Le devoir et la tâche d’un écrivain sont ceux d’un traducteur » (TR, RTP
IV., 460). L’imagination, voie vers la création, si et
seulement si elle parvient à nommer mes troubles.
04/04/2012
03/04/2012
littérature
Le jour où la
biographie de Laure Adler sur Marguerite Duras m’est tombée dans les mains,
j’ai compris en lisant le chapitre sur « la mère, la petite,
l’amant », que la honte peut s’épuiser par l’écriture. Duras n’a cessé
tout au long de sa vie de revenir sur cette douleur de l’amour avec l’amant
chinois ; et sur la honte d’avoir transgressé quelque chose qui est devenu
plus tard le noyau de son écriture. Pendant longtemps, cet épisode reste obscur
à ses yeux, cette nécessité d’aimer, le sacrifice consenti à sa mère, le tour
de passe-passe où croyant se donner à la mère, elle fait l’amour à un homme qui
semble l’arracher à l’emprise de la mère ; le désir tout de suite, la
violence, la fascination pour l’argent de cet homme. Le désir si fort que
les mots sont inutiles et que le silence s’impose. En écrivant, Duras vide
l’histoire de sa part d’ombre et de malheur pour n’en garder que l’épure. Elle transforme
par la passion répétitive des mots l’histoire personnelle en ritournelle: « L’histoire est déjà là, déjà inévitable, Celle d’un amour
aveuglant, Toujours à venir, jamais oublié », écrit-elle dans L’Amant de la Chine du nord. L’histoire
avec le Chinois dure deux ans, mais par l’écrit, elle ne cesse de se prolonger,
d'exister à jamais. Le combat avec les mots dure des mois et des
mois, des années, jusqu’à ce que le vécu soit passé dans un récit de fiction ; ce sont les mots qui bouleversent Duras,
qui la sauvent en éloignant d’elle le danger d’une adolescence au bord de la
folie. L’écriture semble jouer la fonction d’une catharsis.
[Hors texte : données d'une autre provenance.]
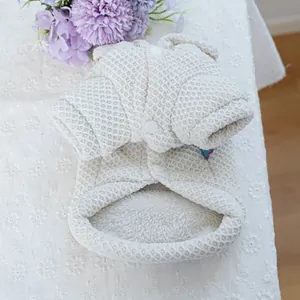 Close-up of quilted white pet hoodie showing soft fleece lining and secure snap buttons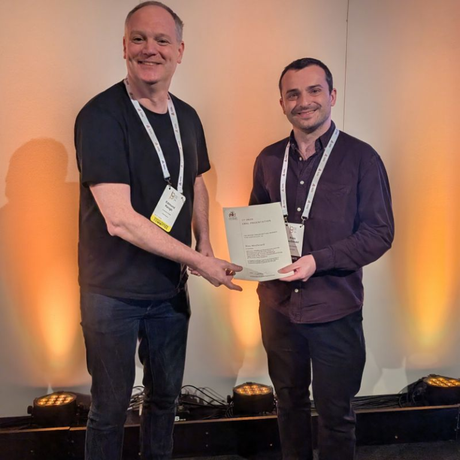 Picture of Dr Macdonald receiving his prize.
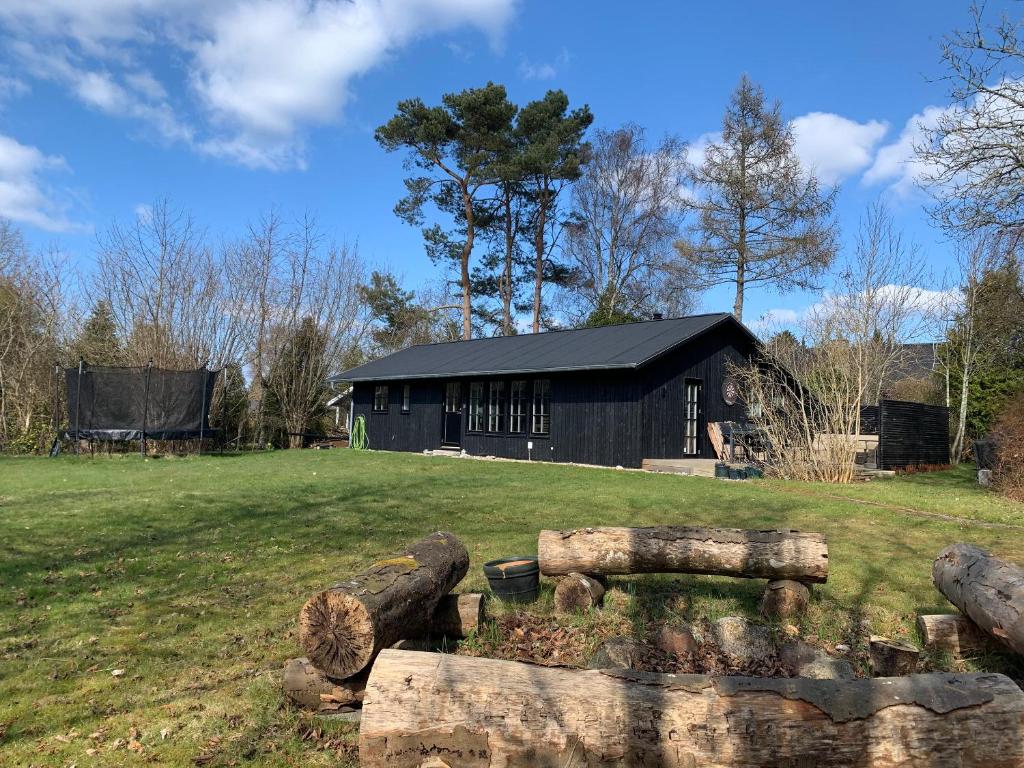 a black building in a field with logs in front at Charming Holiday Home At Sought-After Tisvilde in Vejby
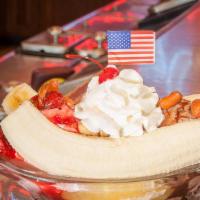 Traditional Banana Split · A scoop each of chocolate, vanilla, and strawberry ice cream topped with chocolate, pineappl...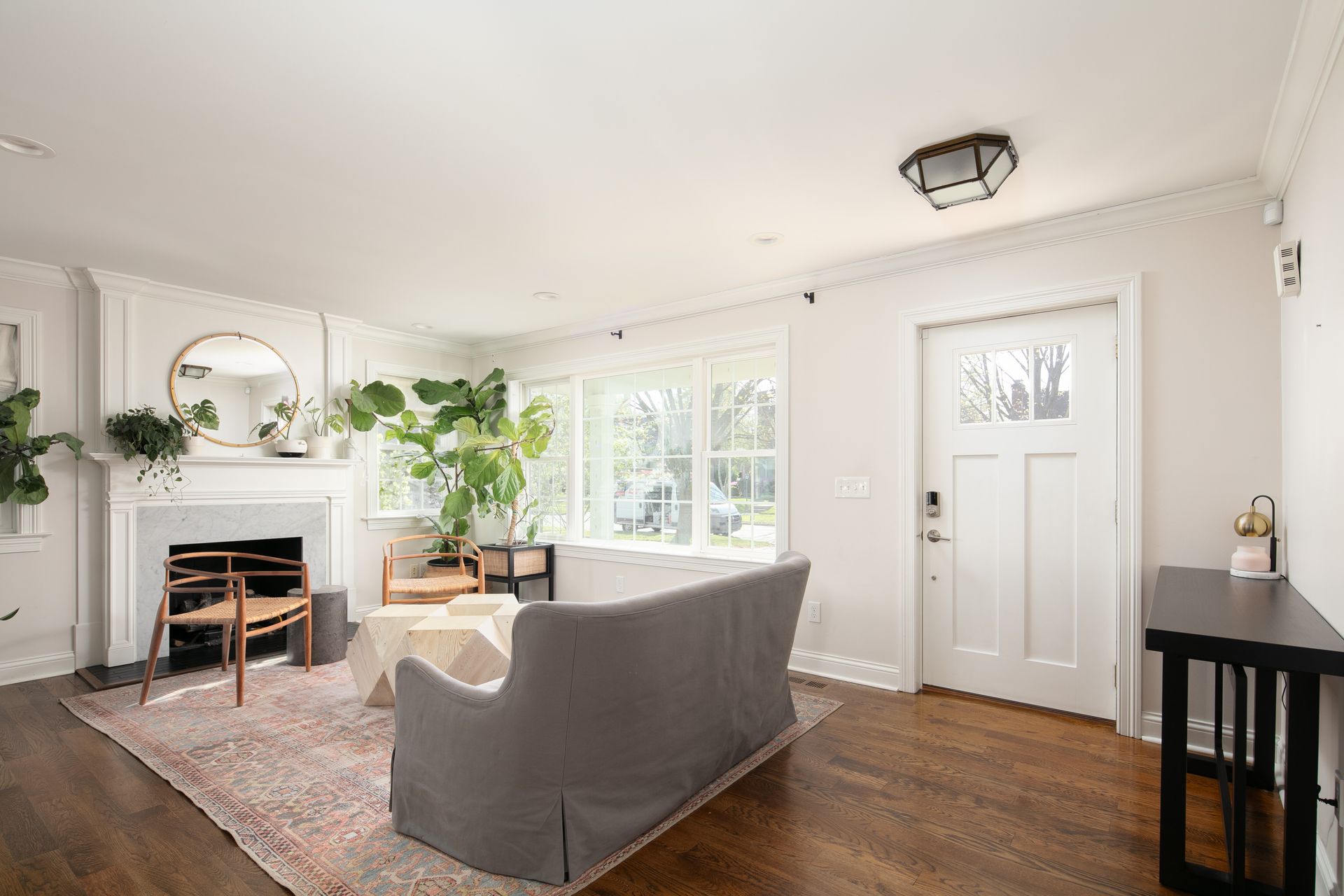 A brightly lit living room with a gray sofa, a fireplace, large windows, and a white front door on hardwood floors.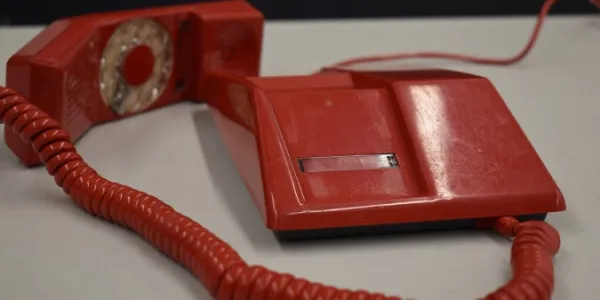 A red plastic telephone with the handset off of the base on a light grey table. There are scratches on the phone which is an angular design. The rotary dial is on the handset and attached to the base by a red spiral cord.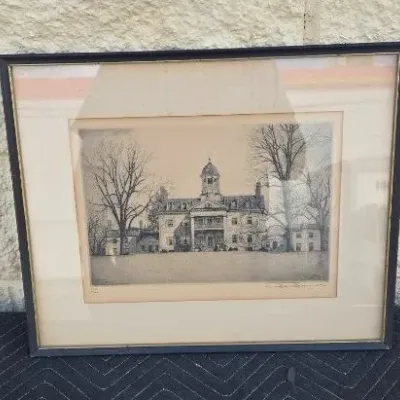 Framed and matted architectural etching depicting a historic estate or university building, signed and numbered by the artist.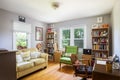 Interior of a renovated furnished living-room with two windows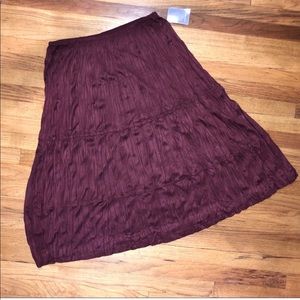 Has a soft suede feel full skirt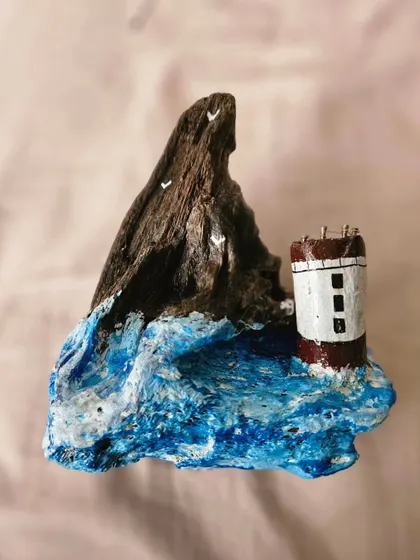 A work-in-progress shot of a driftwood piece. Here, a tiny lighthouse sits on a sculpted wave, waiting for its final details. This is the blank canvas stage of our creative process.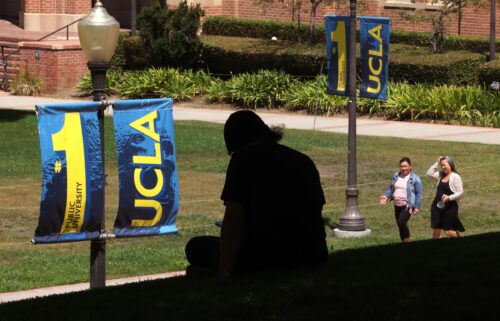 A student rests in the shade on the UCLA campus in Los Angeles on August 7.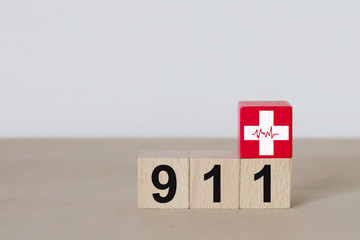 Wooden blocks with Emergency Number 911 Services.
À relire Duras, j’ai l’impression presque palpable que la littérature est ce lieu
où il est possible de partager la folie, l'interdit, la tristesse et le bonheur, et en faire
quelque chose ; la littérature soudain comme une sorte de « communauté
inavouable » dont parlait Barthes dans le cours sur Comment vivre ensemble, où on peut imaginer qu’il y a un lien
invisible entre les humains ; et leurs joies et tristesses. Pourtant, ce
n’est pas pareil quand il s’agit de l’holocauste dans la
littérature ou le cinéma, car là, les mots et les images semblent buter sur leurs limites ; la réalité les dépasse, le vécu est plus grand que ce qu'on peut en dire. Cette évidence m'est apparue troublante en lisant un article du Monde sur l’affaire Kasztner et le film documentaire de l'américaine Gaylen Ross. Mais oui, la réalité dépasse la fiction.